[Requirement] Please copy the data below exactly, from its first line through the line holding "Overdyed Purple 4", and skip the pictures.

[Saved data entries]
════════
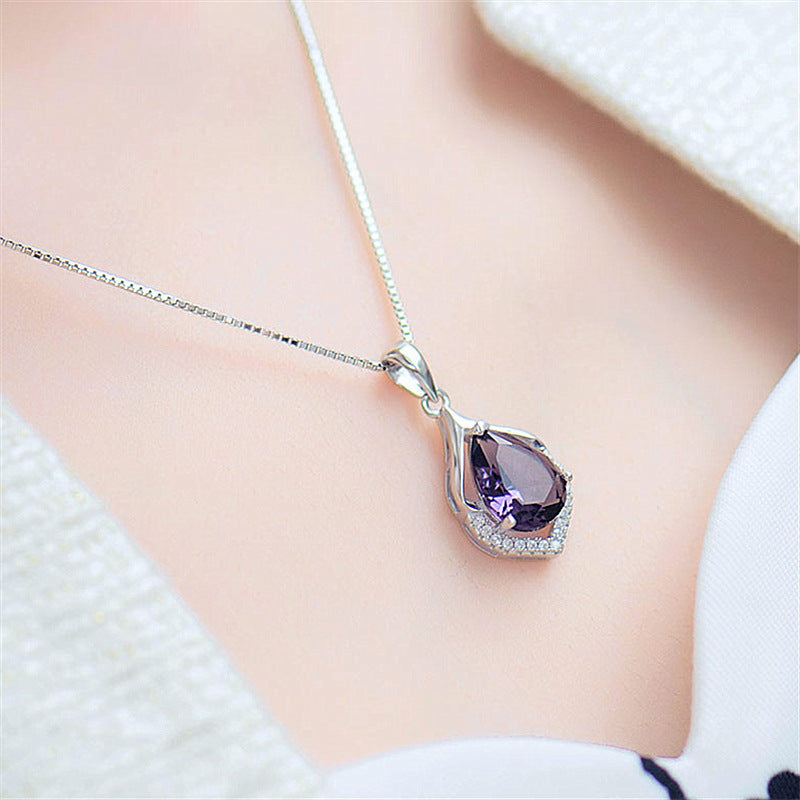 European And American Style New Colored Gems Water Drop Pendant Clavicle Chain Brand: aeac
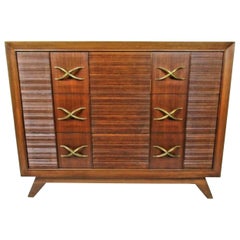 American Modern Dark Walnut and Brass Three-Drawer Chest, Paul Frankl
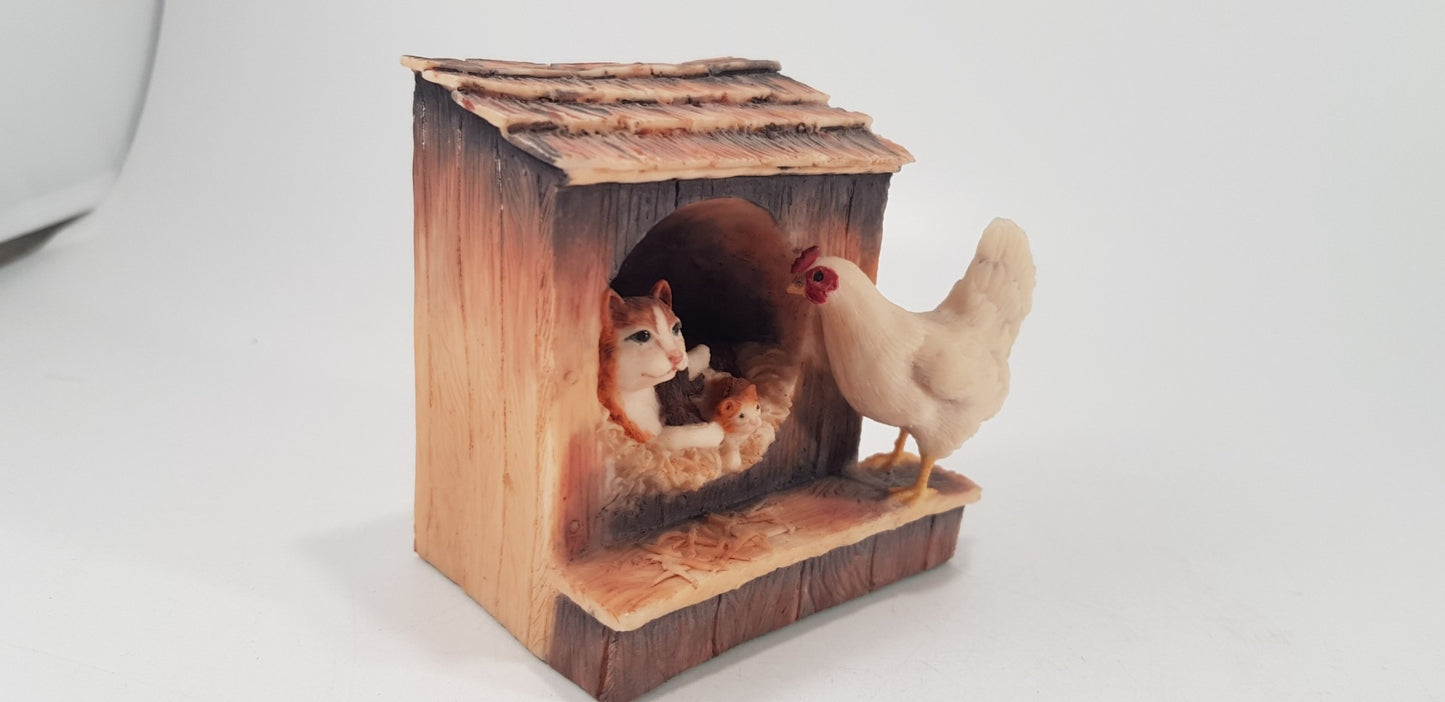 Lowell Davis Cat & Chicken Figure Ornament Small Excellent Condition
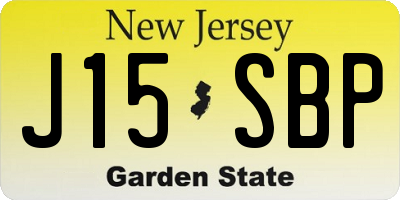 NJ license plate J15SBP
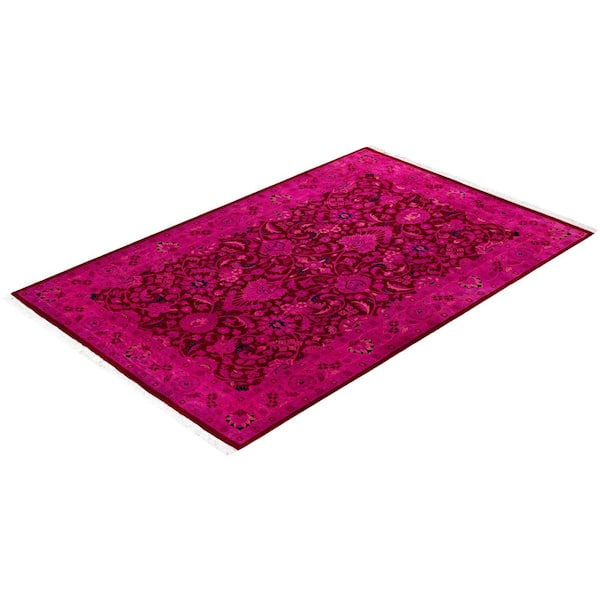 Overdyed Purple 4 x 6 Solid Wool Indoor Area Rug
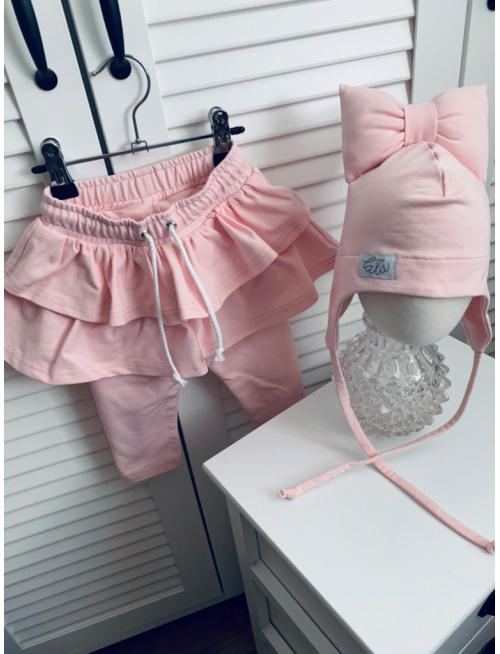 Teplákové legíny so sukňou - jednofarebné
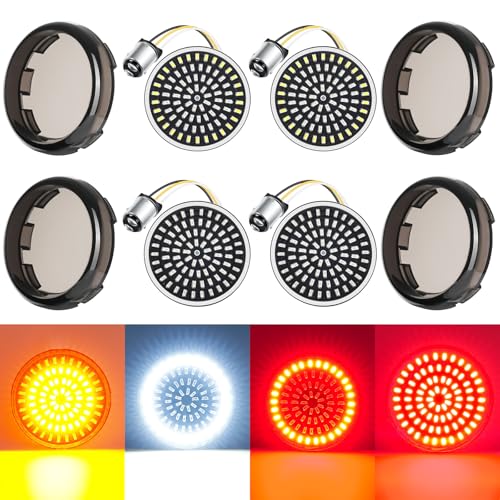 PBYMT 2 inch Turn Signals, 81 LEDs Front Rear Turn Signals with 4 Smoked Lens Cover Fit for Harley Touring Road King Street Glide Road King Road Glide Dyna Sportster Iron Softail 1986-2024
════════
[Exercise result]
 European And American Style New Colored Gems Water Drop Pendant Clavicle Chain Brand: aeac
 American Modern Dark Walnut and Brass Three-Drawer Chest, Paul Frankl
 Lowell Davis Cat & Chicken Figure Ornament Small Excellent Condition
 NJ license plate J15SBP
 Overdyed Purple 4 x 6 Solid Wool Indoor Area Rug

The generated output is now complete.